Девушка нервно сглотнула и спрятала измятое письмо за спиной. Так делали маленькие дети, когда их заставали врасплох взрослые за каким-нибудь очередным «ужасным преступлением». Только детям гораздо легче, гораздо проще. А девушка отвела взгляд, тяжело дыша.

- Место служанки было предложено вам не для того, чтобы вы таскали мои вещи….и заходили в те комнаты, которые должны остаться за вас закрытыми. Навсегда… если я ещё раз увижу, что вы…

- Я не специально. Простите. Я очень уважаю память по вашей умершей девушке Селин. У неё очень красивое имя, кстати. Надеюсь, что она не очень разозлится и не станет ходить за мной ревнивой тенью… - щёки девушки вспыхнули. Она, хромая, вышла из комнаты, бросив на мужчину мимолётный взгляд.

«Кажется, вся чернота отразилась в его глазах… он так смотрит, будто собирается убить меня. Похоже, я стала рабой, служанкой самого дьявола с покалеченной душой. Пусть так… пусть так… дьяволом сейчас самым истинным является улица!» - вздрогнув, подумала девушка.

- Я сделаю всё, чтобы вы уехали отсюда как можно скорее. Отдайте мне ваши серёжки… живо. Я не принимаю никаких замешательств. Завтра встанете рано утром. Будете готовить мне завтрак. Двойное наказание за особенное письмо. Никаких разговоров о моей жестокости и несправедливости я так же не приемлю.

- Почему именно серёжки? Быть может, в прошлой жизни они были очень дороги мне, проходили сквозь всю мою жизнь… - хрупкие пальцы дотронулись до серёжек, забрызганных кровью. Старались вновь уловить невидимое воспоминание, но не смогли. В который раз.

- Вам плевать на моё прошлое, мне – на ваше. Я, видите ли, очень любезен. Принцип «услуга – за услугу» всегда со мной. Скоро вы без них и так всё вспомните и уберетёсь отсюда в какой-нибудь особняк.

- Может, он уже разрушен, а те люди… действительно были моей семьёй? – кажется, она вопрошала уже в пустоту. Знала ответ, но всё равно не могла отвязаться.

- Всё равно.
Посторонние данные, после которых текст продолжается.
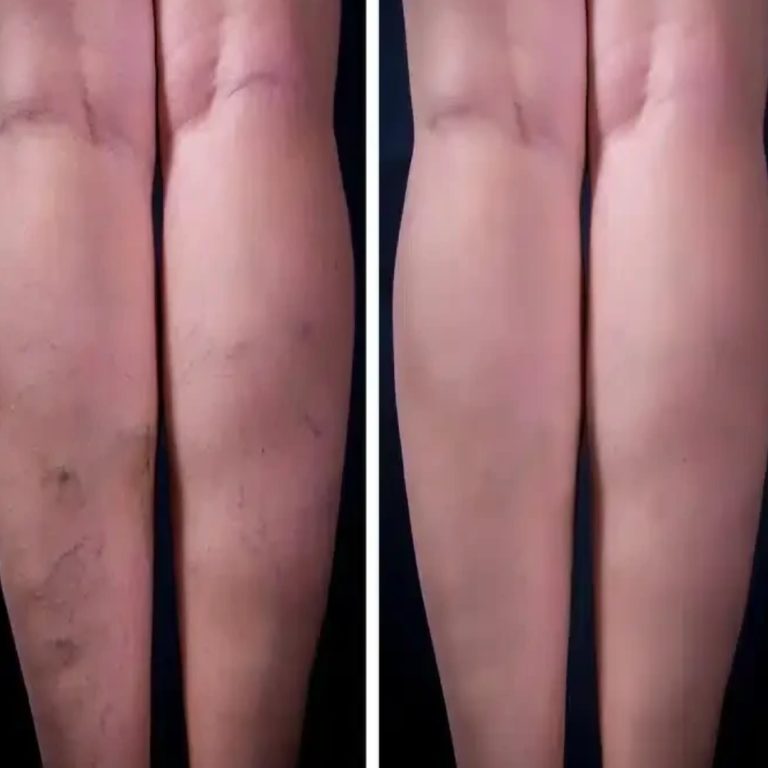 mało znana babcia na żylaki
Найдёте кого-нибудь ещё. Доброго и счастливого. И одинокого, к тому же ещё, который безумно будет жалеть ваши белые аристократические ручки! Сейчас идите. Куда угодно, только подальше. Можете вымыться, а можете…

- Спать? – с надеждой спросила девушка.

- На полу есть дырявый матрас. Жёсткая кровать ничем не лучше, если речь пойдёт о дискриминации и тому подобной чепухе! – резко ответил мужчина и отвернулся. Горечь во рту. Он знал этот привкус. Он прошёл с ним весь этот день.

- Зачем вам серёжки?..

- У меня знакомый – ювелир, что делает такие вот редкие висюльки. Он знаком со многими шишками в округе, так что их прошлое для него – не такая уж и тайна…

- Они так много рассказывают ему?

- Нужно уметь вызывать у людей доверие, ведь так? Не то, что вы.
- Я не виновата, что вы никому не доверяете.

- Когда-то умел доверять. Но разучился… доверие – это одежда, которая выходит из моды. И мода эта у каждого своя.

Он произнёс это и хлопнул дверью маленькой комнатки. Словно закрылся в себе. Снова, как в те бесконечные полгода, которые резали сердце, заросшее сталью без всякого острого ножа.

***

Я холодной водой промывала рану, которая отзывалась на это ноющей противной болью. Кровь засыхает, а боль не уходит. Бывает ведь так?

Вот, например, у хозяина этой квартиры. Нужно понять, нужно осмыслить. Нужно вникать в чужое несчастье, когда я ещё не сумела до конца познать своё.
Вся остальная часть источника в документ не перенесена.